Vinte Anos Volvidos

Em setembro de 1988, o Teatro de Marionetas do Porto mostrava-se pela primeira vez, com a peça “Miséria”. Foi em França. Vinte anos volvidos, a companhia de João Paulo Seara Cardoso man­tém a característica da itinerância, tanto em Portugal como no estrangeiro. O fundador e encena­dor falou ao JN.

Entrevista: Isabel Peixoto
11 de setembro de 2008
in “Jornal de Notícias”

É errado pensar-se que as mario­netas são só para a infância?

Quando comecei, sentia mais esse estigma, essa conotação das marionetas com o público infantil. Mas a marioneta de forma alguma é só para crian­ças. E mais: o teatro de mario­netas é uma linguagem cénica muito complexa e imagética -a marioneta é, por natureza, um duplo do homem, é uma obra de arte, uma escultura. O teatro de marionetas é, ideal­mente, uma plataforma de cruzamento de novas lingua­gens cénicas.

Foi sempre assim?

Não, não foi sempre assim. A questão é que a contemporaneidade do teatro de marione­tas é um fenómeno muito recente. Uma das razões do estigma em relação às mario­netas é que viveram durante séculos e séculos e séculos num domínio muito popular e é-lhes difícil, neste momento, sair desse limbo arcaico. Até aos anos 40 ou 50, o que as pessoas conheciam em Portu­gal era pouco mais do que o teatro de robertos.

Qual foi o ponto de viragem?

É por essa altura que se come­çam a fazer grandes experiên­cias na Europa. Os europeus começam a tomar contacto com linguagens fabulosas do teatro do Oriente – do Bali, de Java, da China, da Índia, da Birmânia, tradições teatrais com marionetas fantásticas – e começam a perceber que o teatro de marionetas não é só a barraquinha das feiras dos robertos. Estas novas lingua­gens do teatro de marionetas não têm mais de 50 anos.

Passam mais tempo fora ou em Portugal?

Temos uma grande responsa­bilidade para com o público do Porto, primeiro, e com o público português, depois. Essa responsabilidade faz com que não possamos responder a todos os convites que temos para espetáculos no estran­geiro. Mas vamos todos os anos. Fizemos, até hoje, cerca de 250 espetáculos no estran­geiro. Poderíamos fazer muitos mais, mas não é possí­vel. Agora, somos mais selecti­vos.

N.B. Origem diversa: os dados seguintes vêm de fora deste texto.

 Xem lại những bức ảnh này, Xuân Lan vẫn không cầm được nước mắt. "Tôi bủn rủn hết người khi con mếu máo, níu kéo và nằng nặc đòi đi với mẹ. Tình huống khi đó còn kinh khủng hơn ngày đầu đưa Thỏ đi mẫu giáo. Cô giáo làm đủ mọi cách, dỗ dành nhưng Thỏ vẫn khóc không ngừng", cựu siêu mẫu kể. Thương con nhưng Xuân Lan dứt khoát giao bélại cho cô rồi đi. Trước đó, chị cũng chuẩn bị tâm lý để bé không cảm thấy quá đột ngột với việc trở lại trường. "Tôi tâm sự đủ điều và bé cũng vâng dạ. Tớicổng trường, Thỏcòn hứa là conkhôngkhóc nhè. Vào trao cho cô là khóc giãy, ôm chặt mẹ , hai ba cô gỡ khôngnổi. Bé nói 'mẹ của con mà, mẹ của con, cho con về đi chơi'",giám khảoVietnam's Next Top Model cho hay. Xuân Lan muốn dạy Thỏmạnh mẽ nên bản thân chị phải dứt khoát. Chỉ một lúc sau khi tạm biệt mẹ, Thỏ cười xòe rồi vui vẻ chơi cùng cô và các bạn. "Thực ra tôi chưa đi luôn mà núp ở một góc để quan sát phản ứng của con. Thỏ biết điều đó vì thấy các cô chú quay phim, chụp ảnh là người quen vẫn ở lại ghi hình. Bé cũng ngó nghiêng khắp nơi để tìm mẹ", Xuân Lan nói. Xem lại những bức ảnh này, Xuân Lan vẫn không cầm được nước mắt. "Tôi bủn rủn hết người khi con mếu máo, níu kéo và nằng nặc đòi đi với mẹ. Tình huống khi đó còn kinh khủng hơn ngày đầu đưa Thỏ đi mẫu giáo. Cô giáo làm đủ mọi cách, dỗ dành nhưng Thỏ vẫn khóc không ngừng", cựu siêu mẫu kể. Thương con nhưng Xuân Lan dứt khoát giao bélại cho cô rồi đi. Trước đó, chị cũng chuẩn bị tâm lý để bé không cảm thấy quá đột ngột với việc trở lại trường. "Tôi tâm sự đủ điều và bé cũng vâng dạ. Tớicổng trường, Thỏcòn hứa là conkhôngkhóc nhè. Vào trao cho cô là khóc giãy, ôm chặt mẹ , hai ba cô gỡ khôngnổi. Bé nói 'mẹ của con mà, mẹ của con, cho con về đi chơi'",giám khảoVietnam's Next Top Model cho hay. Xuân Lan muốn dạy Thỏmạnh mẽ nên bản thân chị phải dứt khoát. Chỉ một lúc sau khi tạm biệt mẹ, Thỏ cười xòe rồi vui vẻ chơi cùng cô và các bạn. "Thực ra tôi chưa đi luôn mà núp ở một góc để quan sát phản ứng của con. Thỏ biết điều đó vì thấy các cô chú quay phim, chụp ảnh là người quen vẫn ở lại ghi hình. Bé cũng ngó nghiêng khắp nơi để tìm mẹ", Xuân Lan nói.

O balanço destes 20 anos é bom ou mau?

É uma resposta muito difícil. Na peça “Miséria”, o Miséria faz um acordo com o diabo, para lhe dar mais 20 anos de vida. E o diabo concede-lhe. E ele, a determinado ponto da peça, faz uma reflexão, quando os 20 anos passaram, e diz: “Parece uma eternidade e afinal tudo durou um só instante”.

Sente o mesmo?

Sinto o mesmo. E sinto o mesmo que ele diz: “O tempo é um fio invisível que vai ligando cada história a outra história.” E a vida da compa­nhia também é assim, porque um fio foi ligando cada histó­ria a outra história, que são as histórias que nós contamos ao público.